Pemberton were reasonably tight live, with a set list that in fairness is reasonably more emotive and melodic than the opener with no real heavy or hardcore elements. The lyrics are bitingly honest and heartfelt with a sort of bitter youthful angst that cuts through, especially when the singer discusses the context. There’s a true-emo element to the band, an earnestness which will potentially spread their appeal.
DZ Deathrays have established themselves as kings of modern Australian riff rock and amongst the top echelon of live Australian acts, not unlike Tame Impala and Violent Soho and Lost Dinosaurs, who have a signature sound all their own. With their classing buzzing distorted riffs and piercing vocals over minimalist brash drums, the act which has expanded to a trio in recent times, demonstrated to a captivated young crowd at Fat Controller why they are so highly rated by fans and industry alike, in Australia.

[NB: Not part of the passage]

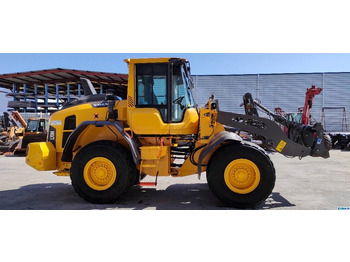 Kolesový nakladač Volvo L 70 H: obrázok 2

As they say in cliche music reviewing, the hits just kept coming. “Reflective Skull” was simply glorious with the space between the riffs again revealing the fantastic guitar arrangements of the band. “Dollar Chills” early in the set helped demonstrate the live appeal of the band and the intelligence behind the song construction with the almost perfectly synchronised mosh, while one of the songs that helped break them, “No Sleep” brought the chaos. Speaking of which, the circle pits, one at the behest of the crowd and the crowd surfing reflected the non-stop energy of the live show. Finishing with “Gina plays at hearts” , featuring one one of the catchiest choruses in recent Australian rock, set the crowd off another couple of notches.
Fat Controller is enjoying another great year and this current generation of youth are bound to have a host of great memories, especially if the live sound keeps improving, as engineers learn how to mix to the challenging room. This was another fantastic night with a pumped up crowd really getting the most out of it.